The Glasgow company said it now makes 91% of all its sales outside the UK with brands such as The Famous Grouse benefiting from the creation of a dedicated African hub in the 12 months to March 31 this year.

Turnover at the Highland Park and The Macallan whiskies increased 6.3% from £556.1 million to a record £591.3m, driven by sales growth in the Americas and Asia, with underlying pre-tax profits rising from £148.8m to £168.6m. That allowed Edrington to increase its dividend per share by 13% from 30p to 34p.

However the one-off £274.8m non-cash impairment charge on the Dominican Republic-based rum business Brugal meant Edrington recorded a pre-tax loss of £106.2m.

Edrington bought a majority shareholding in Brugal during 2008 but said future cash flows are now less than were previously estimated due to the difficult economy in Spain, rum's main market.

Chief executive Ian Curle said: "The board has taken the decision to reduce the intangible value of the Brugal brand on the company's balance sheet.

"This action should be viewed in the context of Edrington's other brands performing strongly and the company's sustained outperformance of industry average growth."

Edrington, which also owns Snow Leopard vodka, highlighted plans to extend The Famous Grouse further into fast-growing emerging markets in 2014 and marked Angola, Nigeria, Croatia, Poland and Turkey as locations with strong potential.

Cutty Sark was said to have increased US sales for the first time in 23 years while The Macallan, thought to be the most valuable brand in the company's portfolio, has seen worldwide sales soar 40% in the past five years.

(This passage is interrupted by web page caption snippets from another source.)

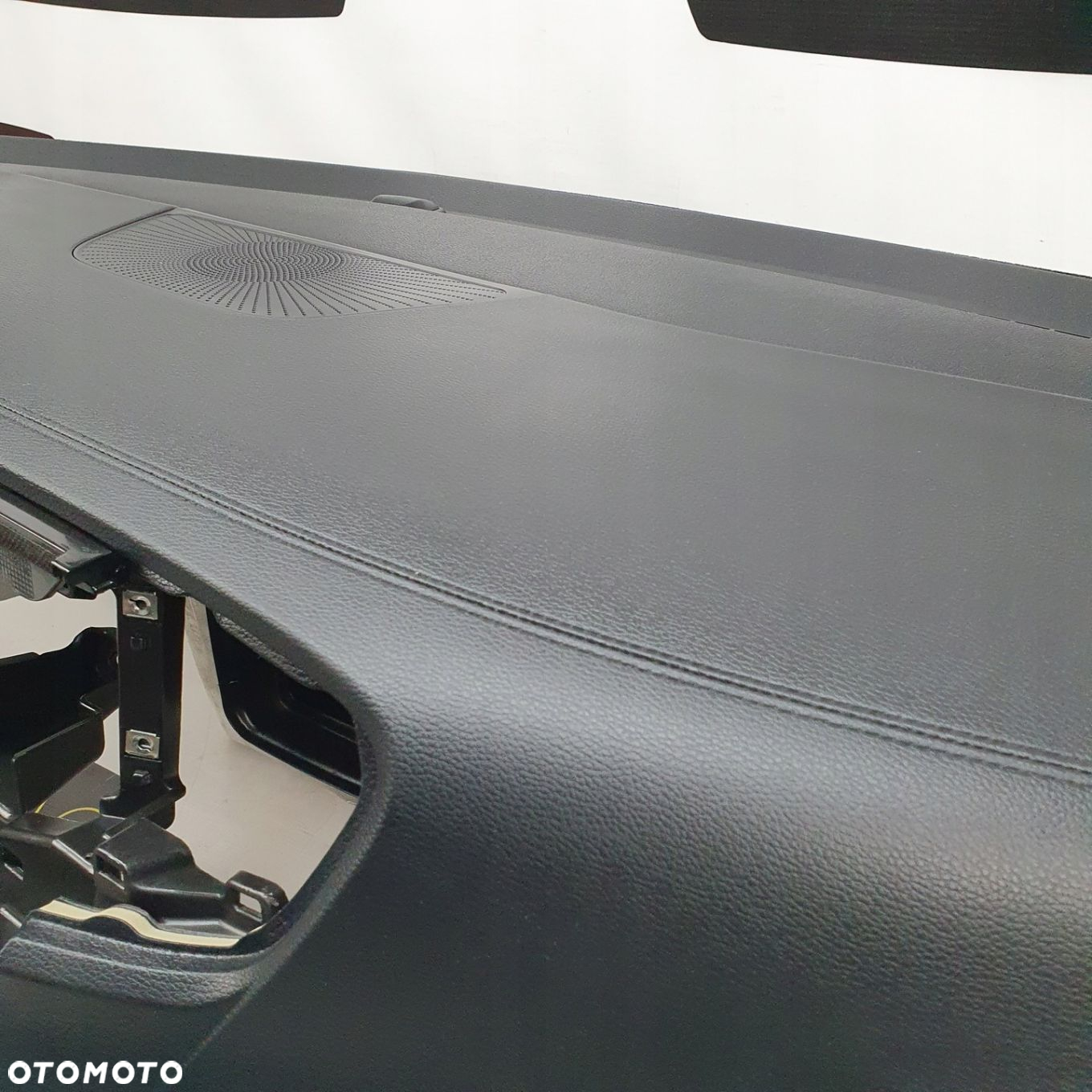 KIA PROCEED DESKA ROZDZIELCZA KONSOLA KOKPIT PULPIT PODUSZKI AIRBAG AIR BAG PASY KIT SET - 7
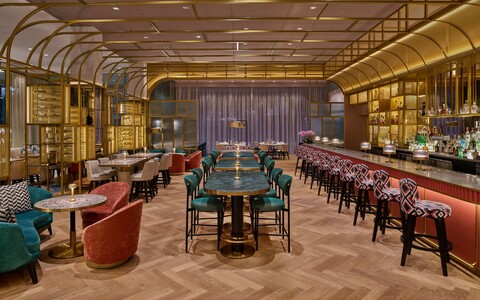 The St. Regis San Francisco, photo 3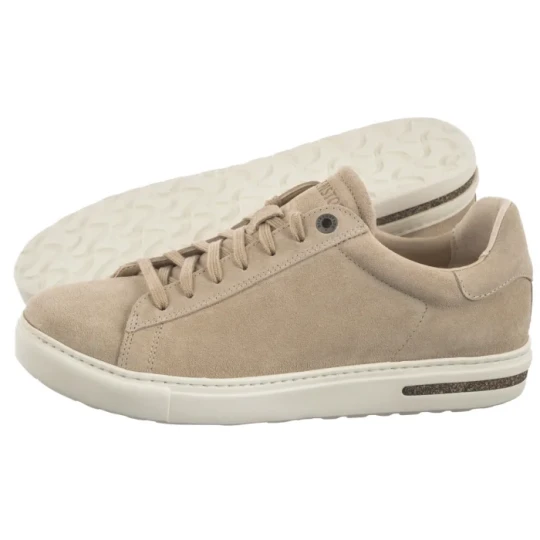 Zdjęcie produktu Sneakersy Bend Low Sandcastle 1027294 (BK296-a) Birkenstock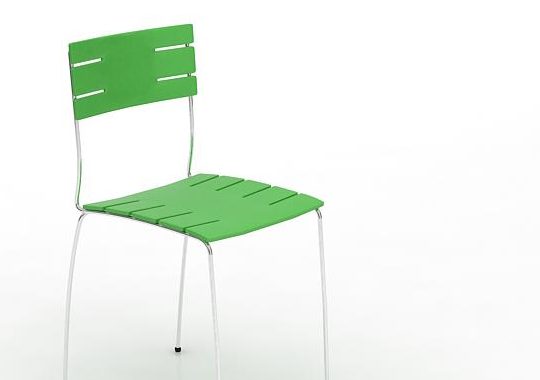 Garden Side Chair | Furniture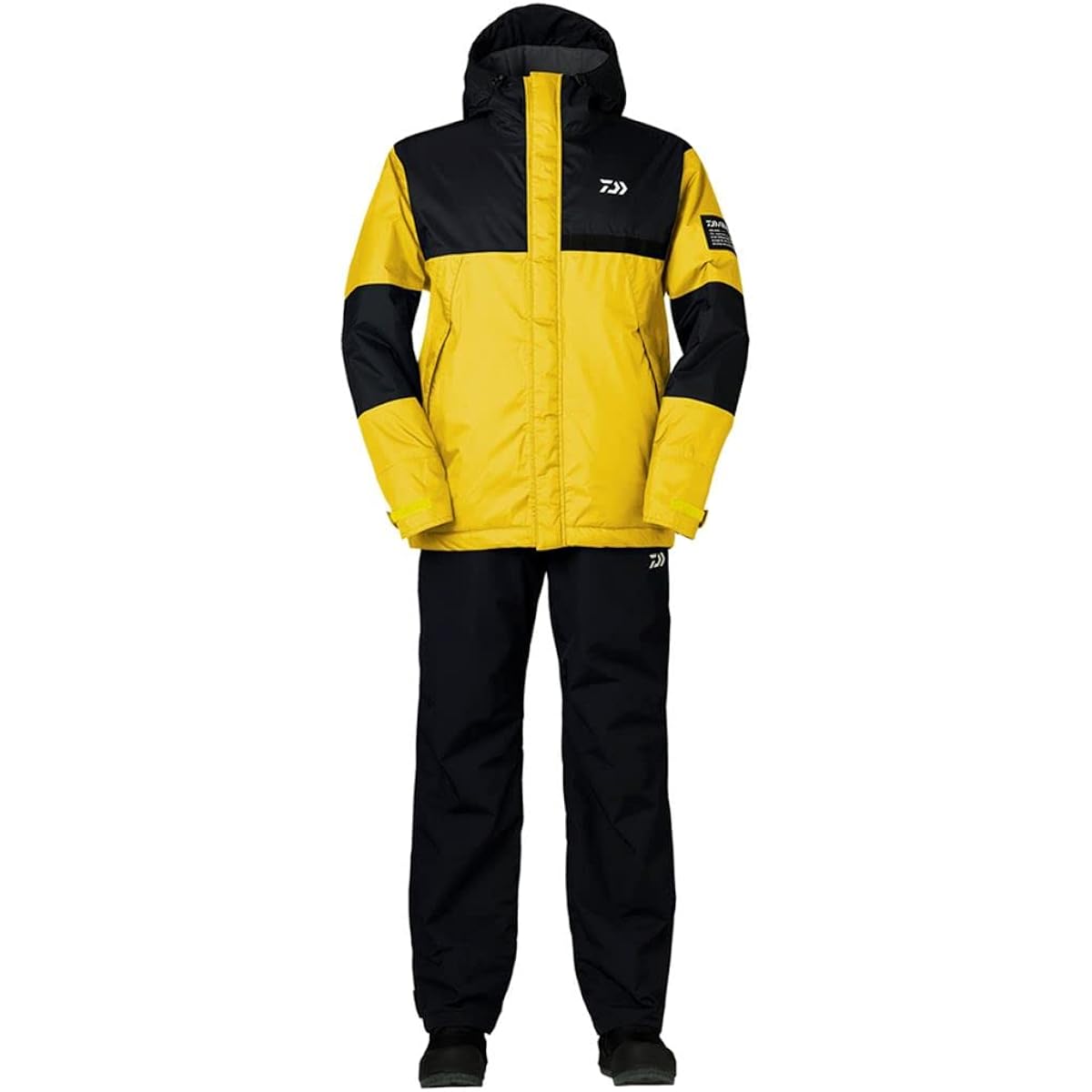 Daiwa (DAIWA) Winter Clothes Rainmax® Winter Suit DW-3522 Various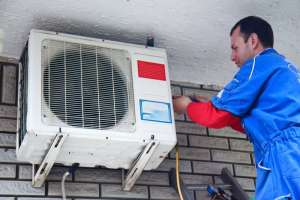 HVAC Companies Near Saratoga, IN Available Now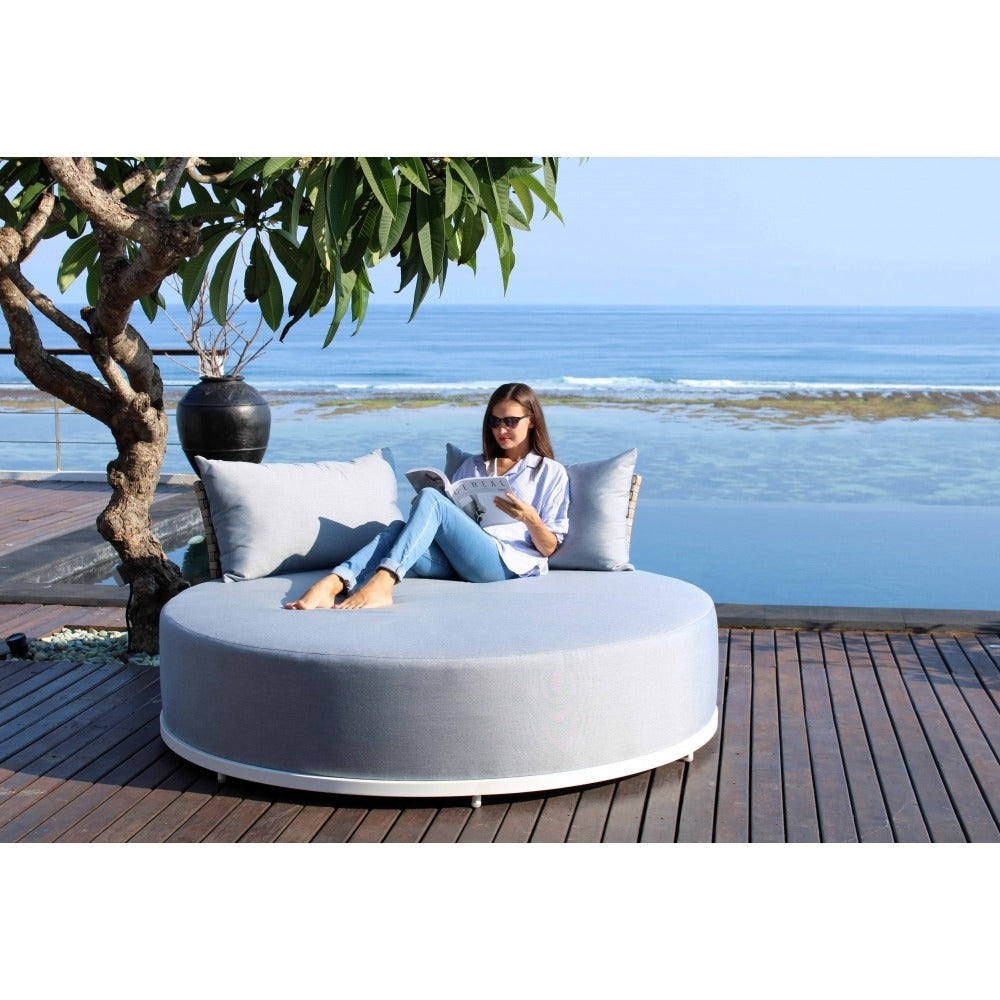 WINDSOR DAYBED seaside 2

Last month Edrington said it planned to spend millions of pounds on setting up and expanding sales, marketing and distribution functions in markets including the US, Asia and the Middle East. Mr Curle said the business had performed well during the year.

He said: "In the face of challenging economic conditions in Southern Europe, our overall strength in both established and emerging markets has resulted in an increase in our turnover, profit and dividend.

"The market for premium spirits continues to thrive, which will provide further development and expansion opportunities for Edrington."

A number of boardroom changes were also announced with chairman Sir Ian Good planning to step down later this month after 44 years with the business.

He will be replaced in the role after Edrington's annual general meeting by former Cairn Energy chairman Norman Murray. Edrington non-executive Ronnie Bell becomes senior independent director.

Commercial director Scott McCroskie also formally joins the board, while drinks industry veteran David Richardson is becoming a non-executive director.

According to the annual report, directors' remuneration declined from £3.9m to £3.8m with the highest paid seeing their rewards down slightly from £1.34m to £1.294m.

Average employee numbers dropped from 2265 to 2250, but staff costs increased from £70.8m to £72.9m.

The annual report confirms the group completed a major refinancing in May this year, with The Edrington Group receiving a £225m revolving credit facility and subsidiary The 1887 Company a £310m one from a consortium of six banks.

Edrington's main shareholder, The Robertson Trust, said it had granted £15.3m to Scottish charities in the year, up from £14.7m in the prior period.